● **Instructions to follow**: Only the lines below from the one containing "Handmade Macrame Plant" through the one containing "white cotton fabric" belong in the answer, repeated exactly and without pictures.

──────── Dataset content

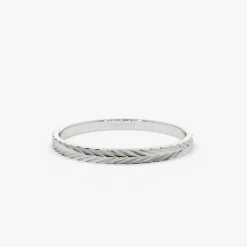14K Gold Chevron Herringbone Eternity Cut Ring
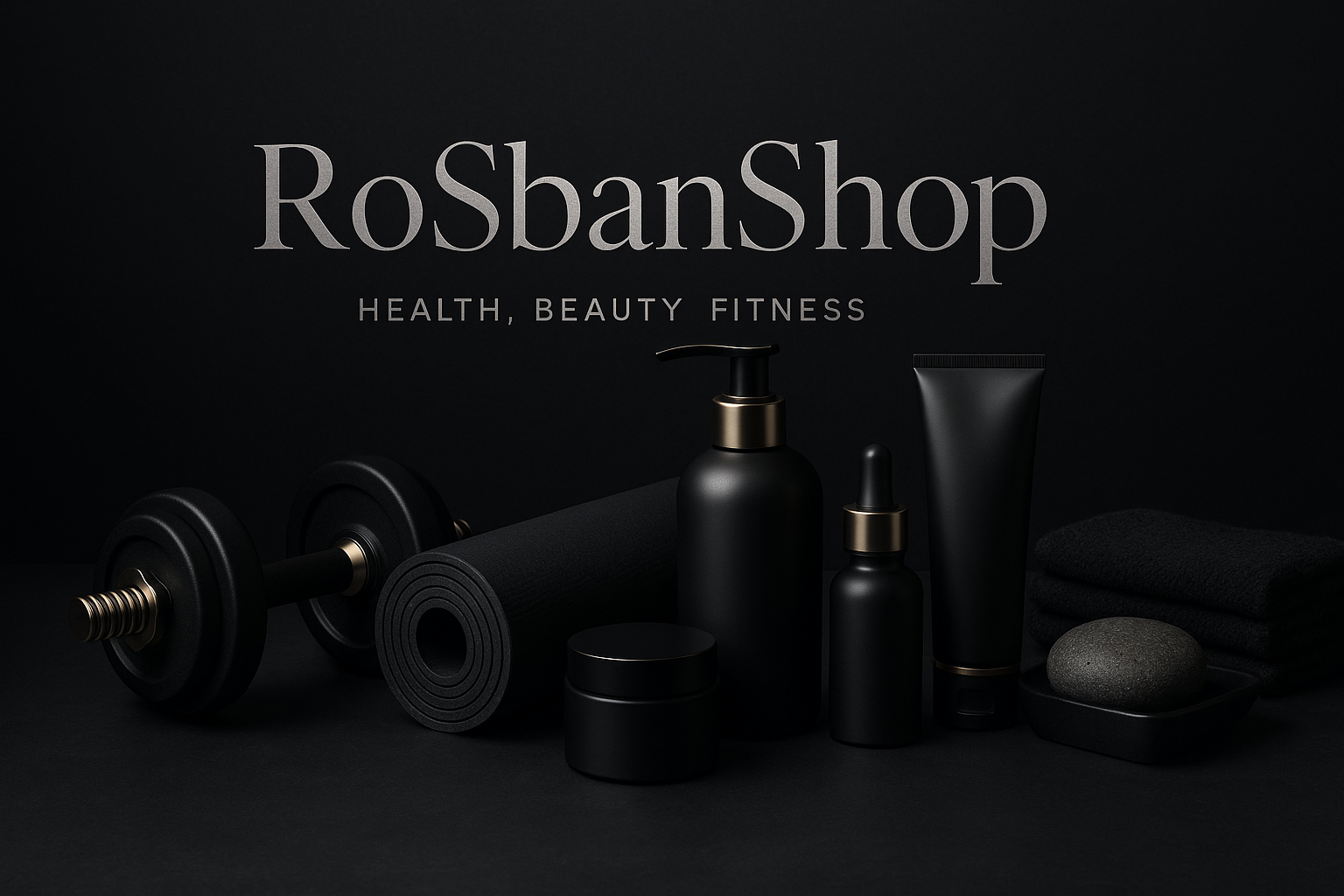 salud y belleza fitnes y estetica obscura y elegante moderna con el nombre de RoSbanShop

────────────────
──────── Dataset content

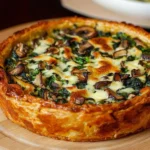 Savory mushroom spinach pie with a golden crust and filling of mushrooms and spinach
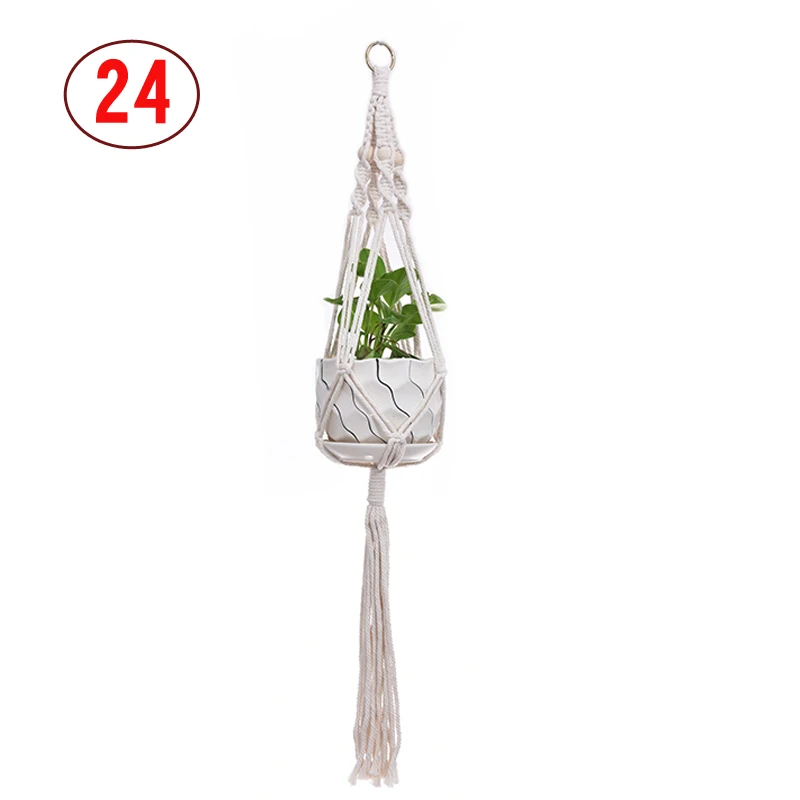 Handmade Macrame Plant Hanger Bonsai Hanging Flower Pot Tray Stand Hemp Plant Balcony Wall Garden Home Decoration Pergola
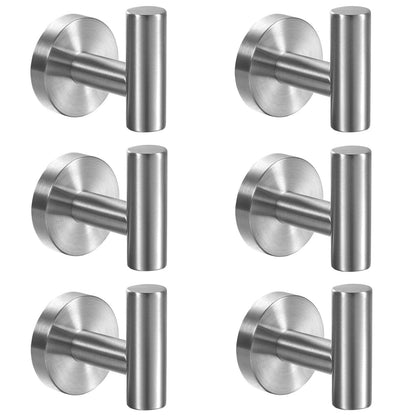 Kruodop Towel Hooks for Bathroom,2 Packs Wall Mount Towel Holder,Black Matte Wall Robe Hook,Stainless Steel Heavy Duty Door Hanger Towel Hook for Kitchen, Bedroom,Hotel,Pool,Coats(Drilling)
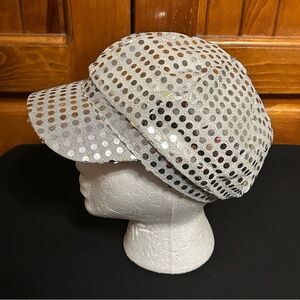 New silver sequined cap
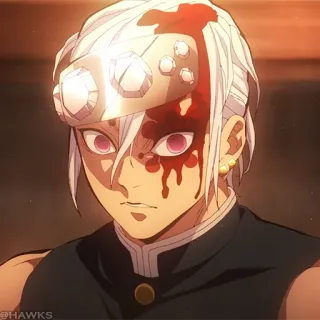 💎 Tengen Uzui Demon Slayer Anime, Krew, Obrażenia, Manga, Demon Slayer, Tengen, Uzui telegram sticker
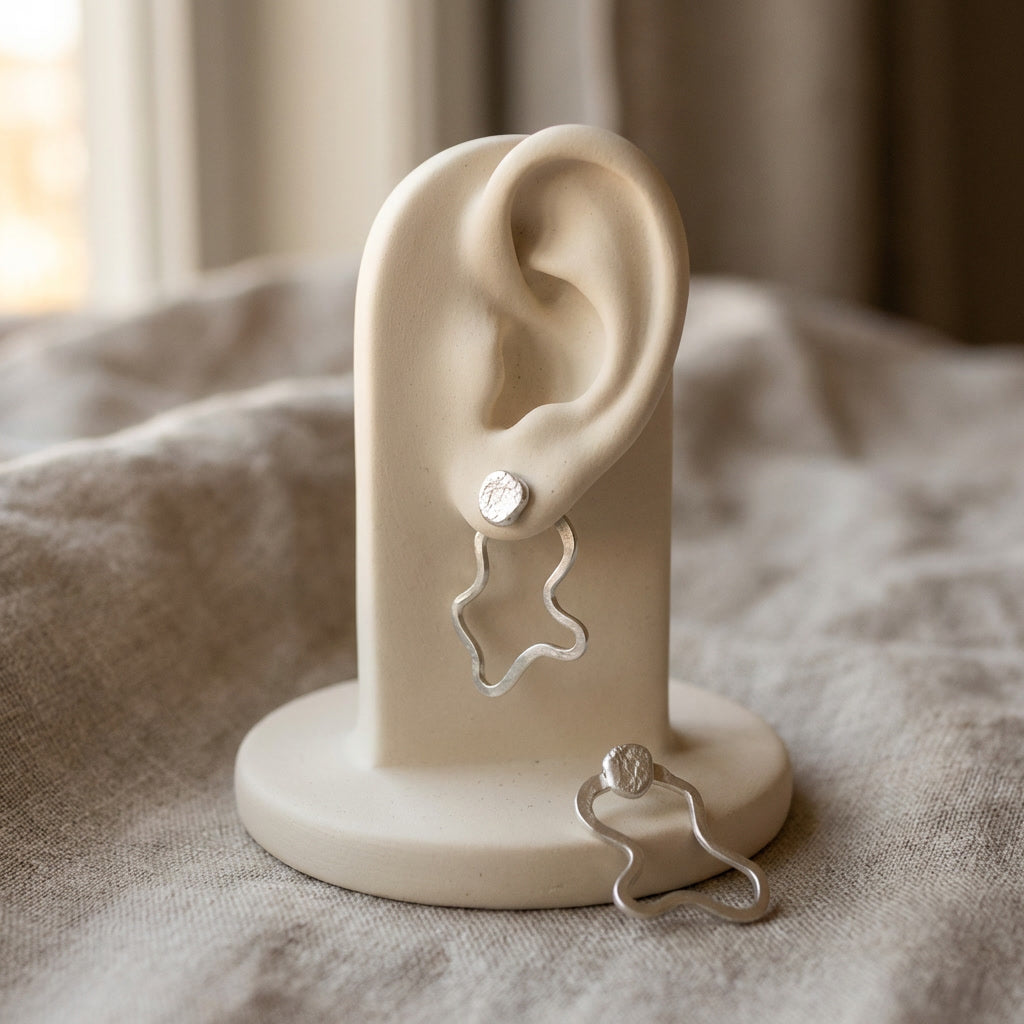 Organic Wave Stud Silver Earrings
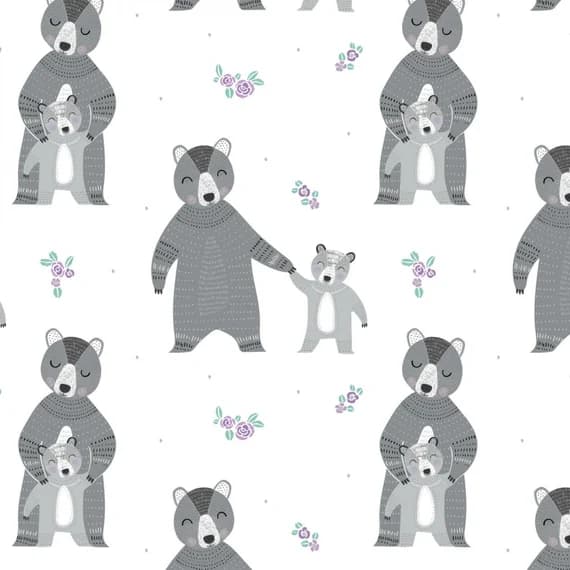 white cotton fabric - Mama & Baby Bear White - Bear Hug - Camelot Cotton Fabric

────────────────
──────── Dataset content

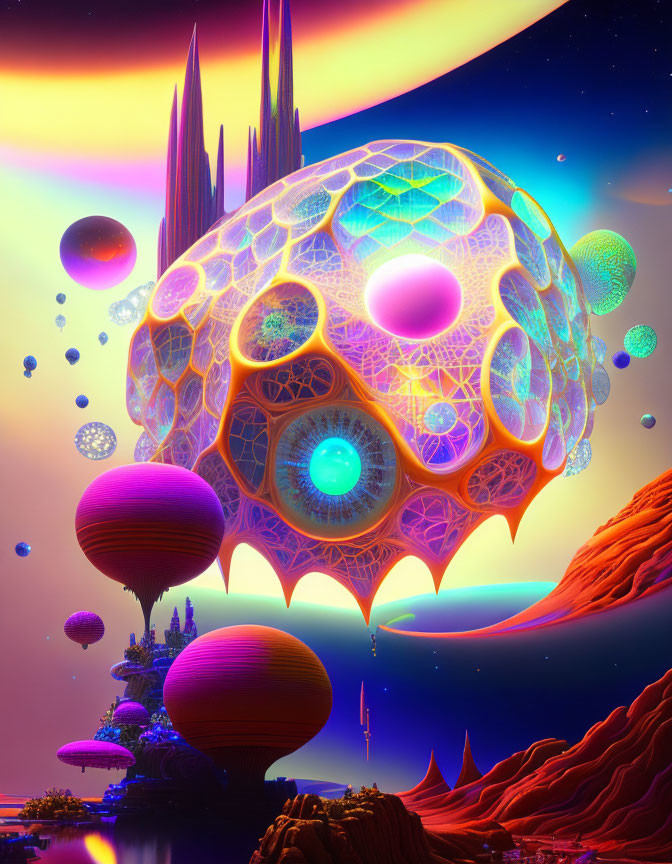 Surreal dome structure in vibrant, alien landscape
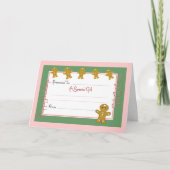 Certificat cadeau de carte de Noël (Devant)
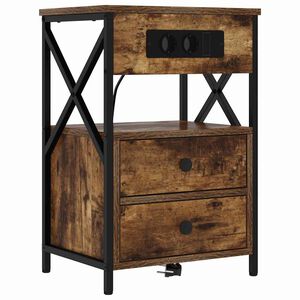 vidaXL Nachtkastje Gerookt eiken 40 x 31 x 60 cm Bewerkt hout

────────────────

● **Solution**:
 Handmade Macrame Plant Hanger Bonsai Hanging Flower Pot Tray Stand Hemp Plant Balcony Wall Garden Home Decoration Pergola
 Kruodop Towel Hooks for Bathroom,2 Packs Wall Mount Towel Holder,Black Matte Wall Robe Hook,Stainless Steel Heavy Duty Door Hanger Towel Hook for Kitchen, Bedroom,Hotel,Pool,Coats(Drilling)
 New silver sequined cap
 💎 Tengen Uzui Demon Slayer Anime, Krew, Obrażenia, Manga, Demon Slayer, Tengen, Uzui telegram sticker
 Organic Wave Stud Silver Earrings
 white cotton fabric - Mama & Baby Bear White - Bear Hug - Camelot Cotton Fabric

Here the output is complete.